### [RECORDS TO USE]
_ _ _ _

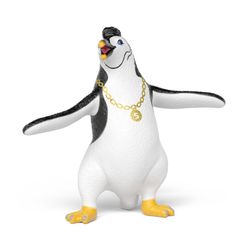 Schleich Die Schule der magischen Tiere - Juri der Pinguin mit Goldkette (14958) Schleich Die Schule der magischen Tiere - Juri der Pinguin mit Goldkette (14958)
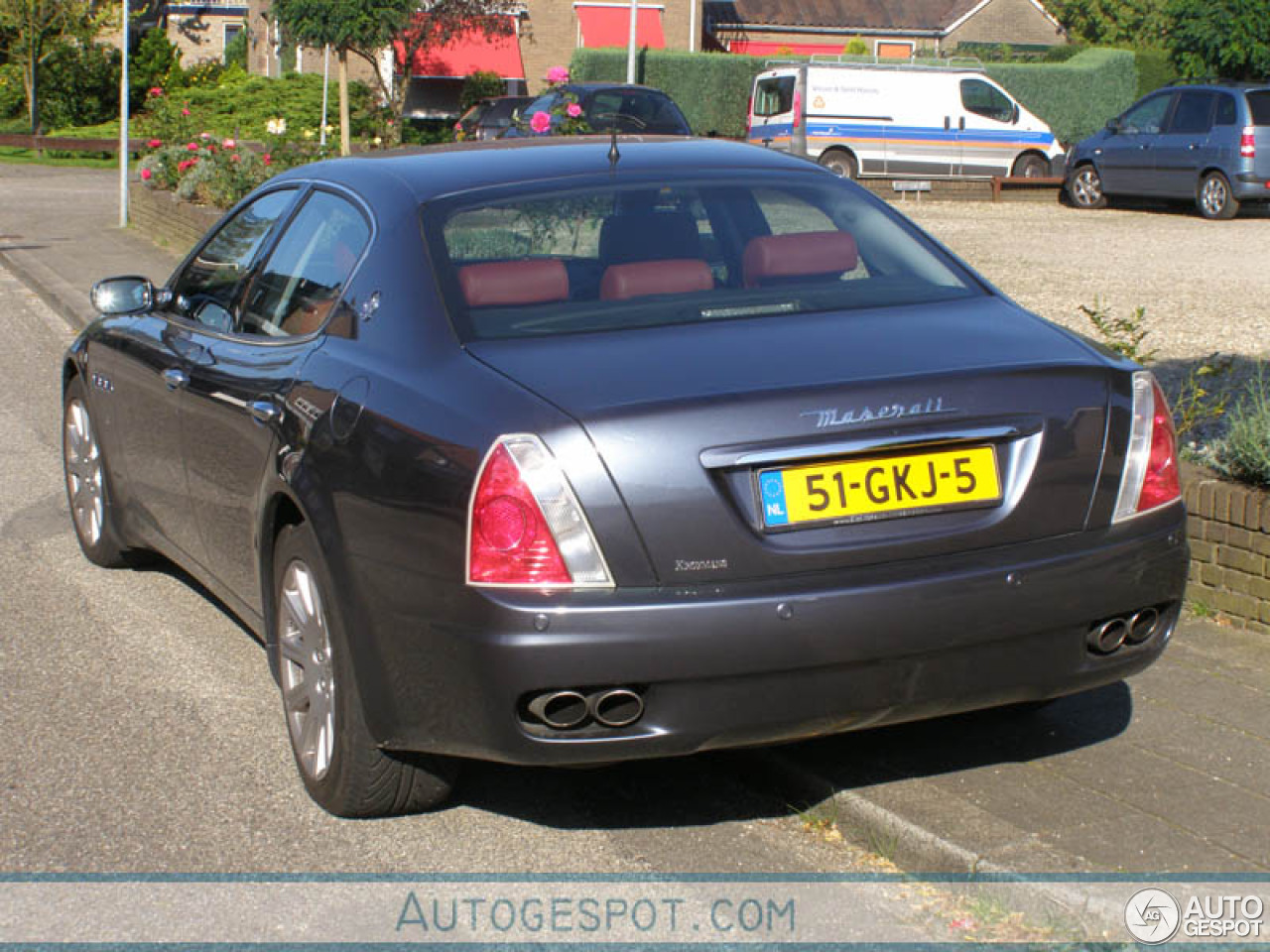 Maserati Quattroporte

_ _ _ _

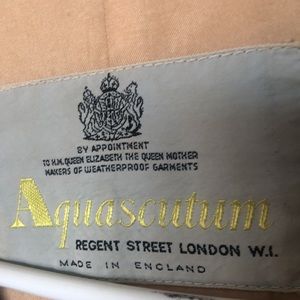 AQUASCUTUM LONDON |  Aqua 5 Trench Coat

_ _ _ _

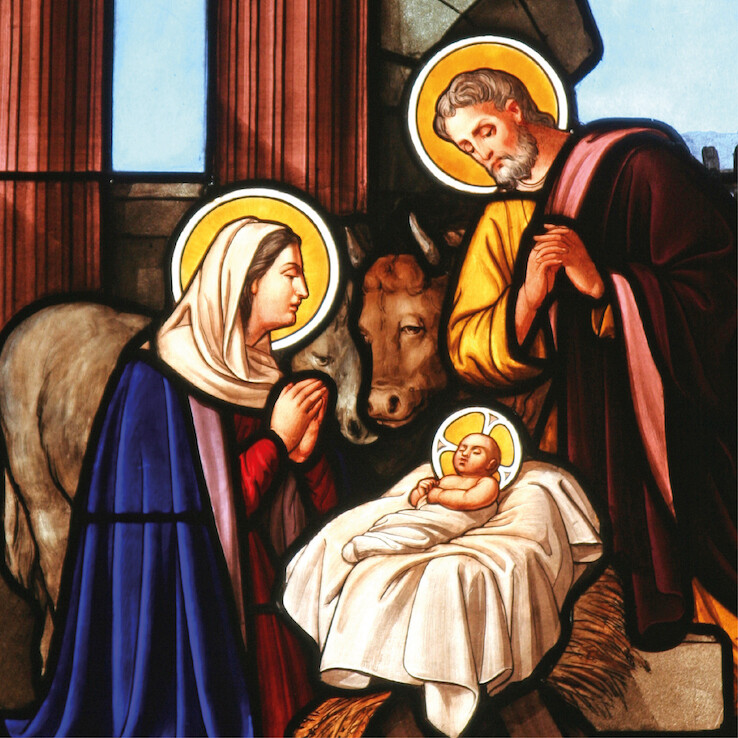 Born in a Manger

_ _ _ _

### [REQUIREMENT]
Copy the lines above between the one holding "Goldkette (14958) Schleich" and the one holding "Maserati Quattroporte", inclusive. Drop the pictures.

### [EXERCISE OUTPUT]
 Schleich Die Schule der magischen Tiere - Juri der Pinguin mit Goldkette (14958) Schleich Die Schule der magischen Tiere - Juri der Pinguin mit Goldkette (14958)
 Maserati Quattroporte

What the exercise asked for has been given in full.